*WHAT THE TASK ASKS:*
Using the records below, write out only the lines from the line containing "登錄號:F0008674藏品圖，第2張" up to and including the line containing "Juego Magnética Cuerpo Humano Para Niños", exactly, with no pictures.

*EXTRACTED RECORDS:*
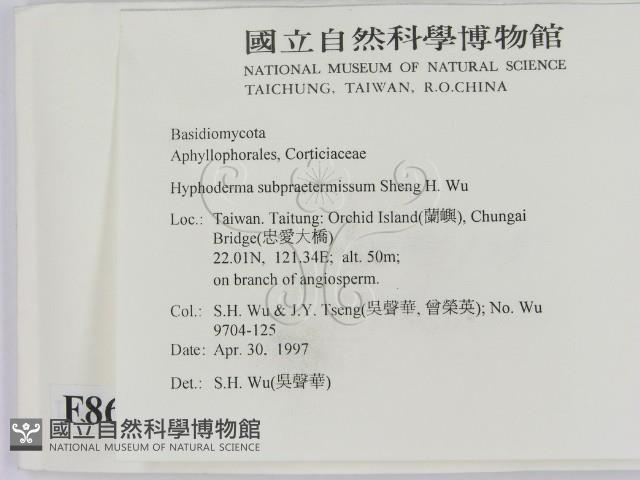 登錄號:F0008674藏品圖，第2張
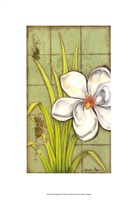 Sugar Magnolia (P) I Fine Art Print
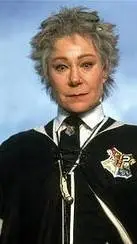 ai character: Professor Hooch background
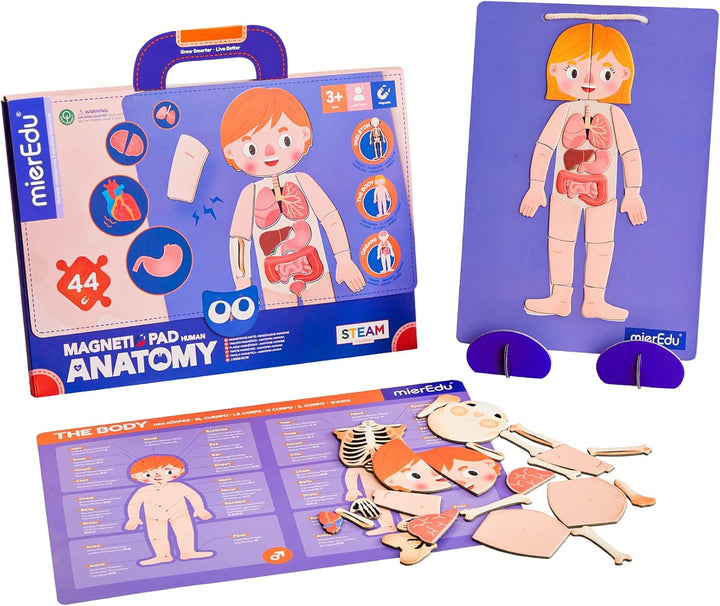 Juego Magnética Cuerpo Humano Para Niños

* * *

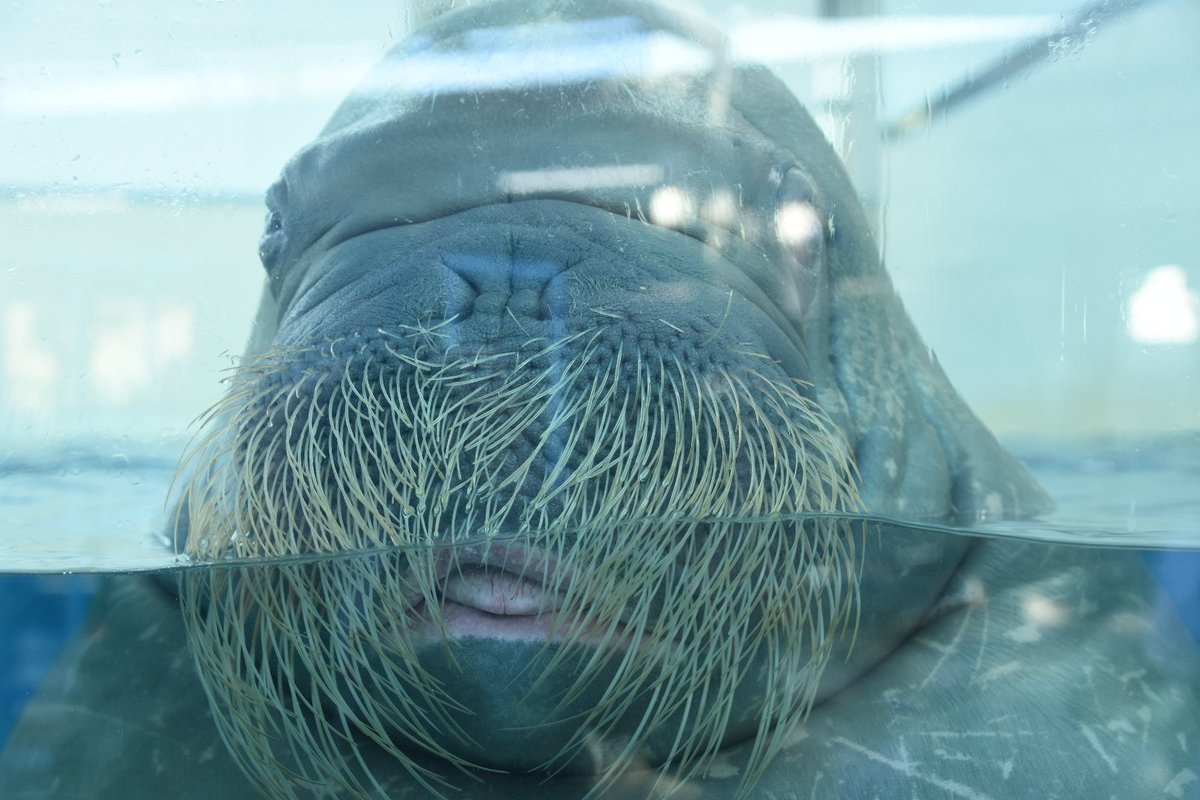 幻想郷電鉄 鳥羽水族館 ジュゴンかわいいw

*TASK RESPONSE:*
 登錄號:F0008674藏品圖，第2張
 Sugar Magnolia (P) I Fine Art Print
 ai character: Professor Hooch background
 Juego Magnética Cuerpo Humano Para Niños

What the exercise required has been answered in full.